How to Advance (Advancement)
Artists hired by firms often start with relatively routine work. While doing this work, however, they may observe other artists and practice their own skills.
Craft and fine artists advance professionally as their work circulates and as they establish a reputation for a particular style. Many of the most successful artists continually develop new ideas, and their work often evolves over time.
Many artists do freelance work while continuing to hold a full-time job until they are established. Others freelance part time while still in school to develop experience and to build a portfolio of published work.
Freelance artists try to develop a set of clients who regularly contract for work. Some freelance artists are widely recognized for their skill in specialties such as cartooning or children's book illustration. These artists may earn high incomes and can choose the type of work they do.
Artists held about 221,900 jobs in 2008. Of the artists who were not self-employed, many worked for advertising and related services; newspaper, periodical, book, and software publishers; motion picture and video industries; specialized design services; and computer systems design and related services. Some self-employed artists offered their services to advertising agencies, design firms, publishing houses, and other businesses.

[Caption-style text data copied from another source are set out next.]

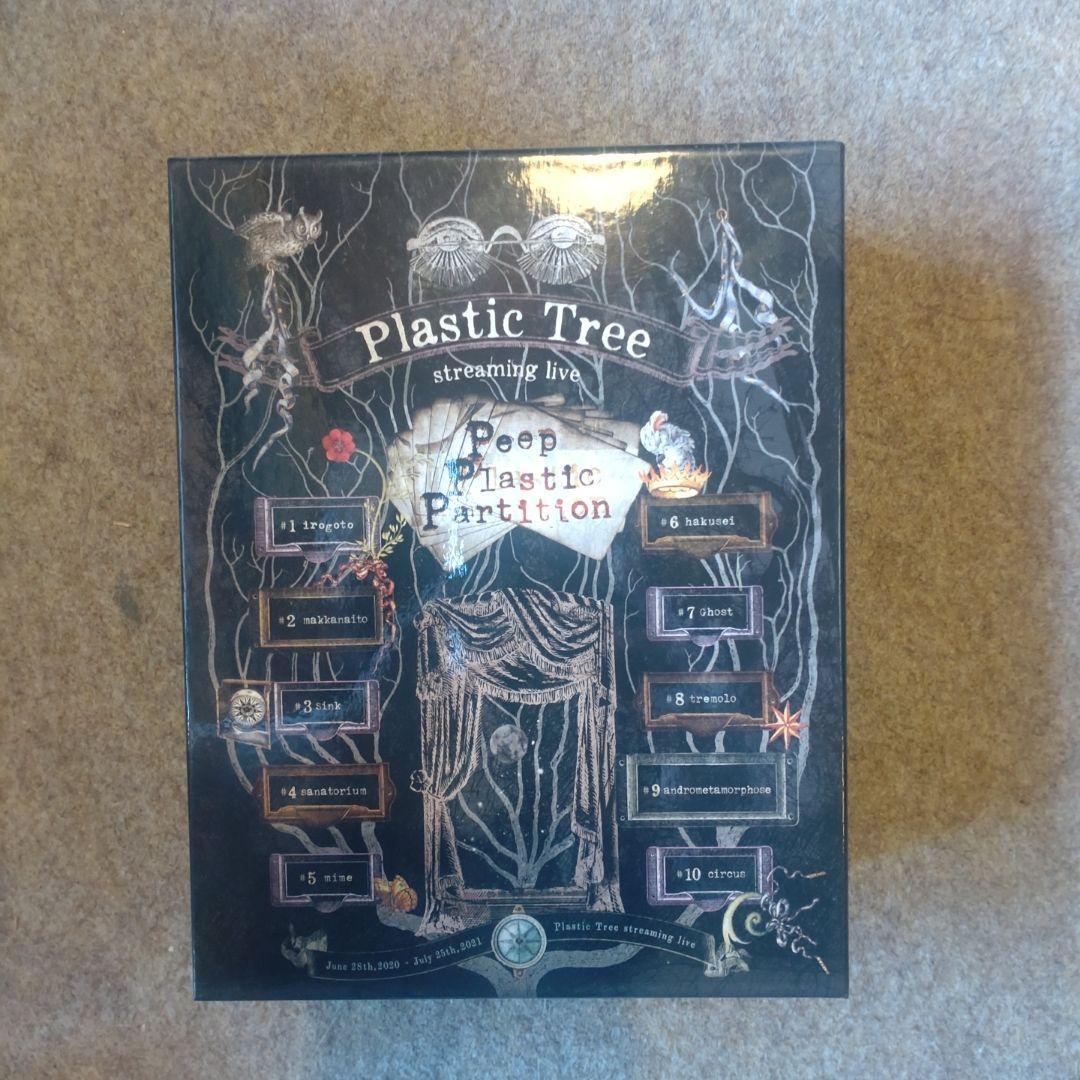 Peep Plastic Partition 難有り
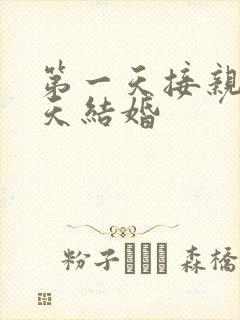 第一天接亲第二天结婚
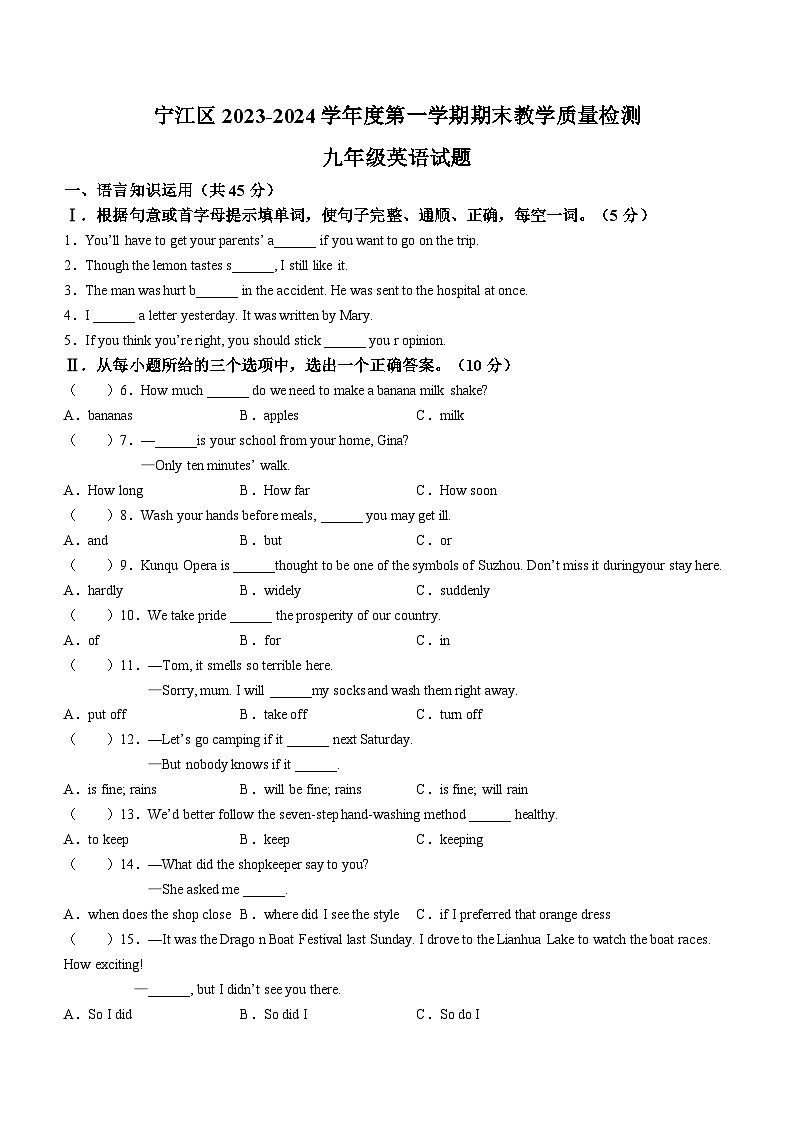 吉林省松原市宁江区2023-2024学年九年级上学期期末英语试题+第1页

Employment is projected to grow about as fast as the average. Competition for jobs is expected to be keen for both salaried and freelance jobs in all specialties because the number of people with creative ability and an interest in this career is expected to continue to exceed the number of available openings. Despite the competition, employers and individual clients are always on the lookout for talented and creative artists.
Employment of artists and related workers is expected to grow 12 percent through 2018, about as fast as the average for all occupations. An increasing reliance on artists to create digital or multimedia artwork will drive growth.
Art directors will see an increase in jobs in advertising due to demand for the overall vision they bring to a project. However, declining opportunities in publishing will hold down job growth. With many magazines moving to an online-only format, art directors are used less in this field.
Demand for illustrators who work on a computer will increase as media companies use more detailed images and backgrounds in their designs. However, illustrators and cartoonists who work in publishing may see job opportunities decline as newspapers continue to cut staffs. Many are instead opting to post their work on political Web sites and online publications. The small number of medical illustrators will also be in greater demand as medical research continues to grow.
Demand for multimedia artists and animators will increase as consumers continue to demand more realistic video games, movie and television special effects, and 3D animated movies. Additional job openings will arise from an increasing need for computer graphics in the growing number of mobile technologies. The demand for animators is also increasing in alternative areas such as scientific research and design services. Some lower priority animation has been offshored, negatively affecting employment of animators.
Competition for jobs as artists and related workers will be keen because there are more qualified candidates than available jobs. Employers in all industries should be able to choose from among the most qualified candidates.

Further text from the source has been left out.